Match Patterns with variable number of words

I have set up a workflow where scanned and OCRed files are searched for dates and other patterns, which are then used to rename the file. I want to create a rule that renames certain letters as follows: [DATE] from [SENDER] RE: [WHATEVER IS IN THE RE: LINE]. Where I get stuck is the "RE" line, which has a variable number of words in it.
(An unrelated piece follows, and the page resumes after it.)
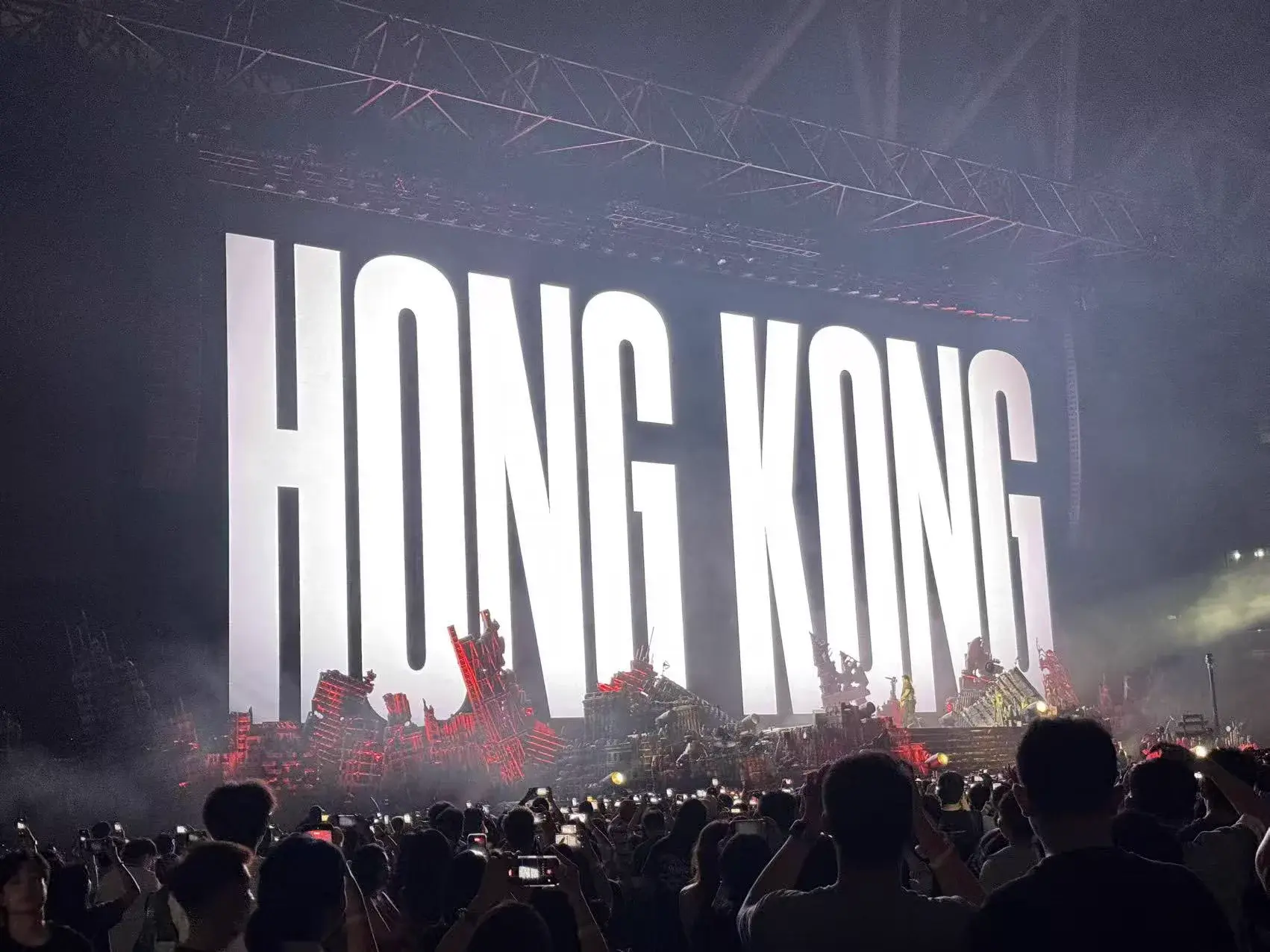 這首〈Hong Kong〉成為當晚最大熱話，片段在各大社交平台快速擴散。不少樂迷大讚兩種風格碰撞出奇地協調，亦有網民說從沒想過可以聽到 The Weeknd 與王菲名曲結合。(圖：網絡截圖)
For example, one letter may say:

RE: Inventory Audit

while another may say:

RE: Team Meeting Monday Morning

How can I create a token that captures whatever is in the RE: line, regardless of how long or short it is, and nothing more?

What I have now is:

If all of the following conditions are met
Contents contain Bob Smith
Contents contain match (Date Match)
Contents contain (Re Line)

(Re Line) is a custom token that looks like this:

RE: (abc)(...)

But that only gets me the first word of the RE line. If I add more (...) elements, it will go on to the next line if it gets to the end of the RE line and there are more tokens. Since I can't predict how many words there will be, I need a way to tell it to capture everything after the RE:, until it gets to the end of the line. Is there a way to do that?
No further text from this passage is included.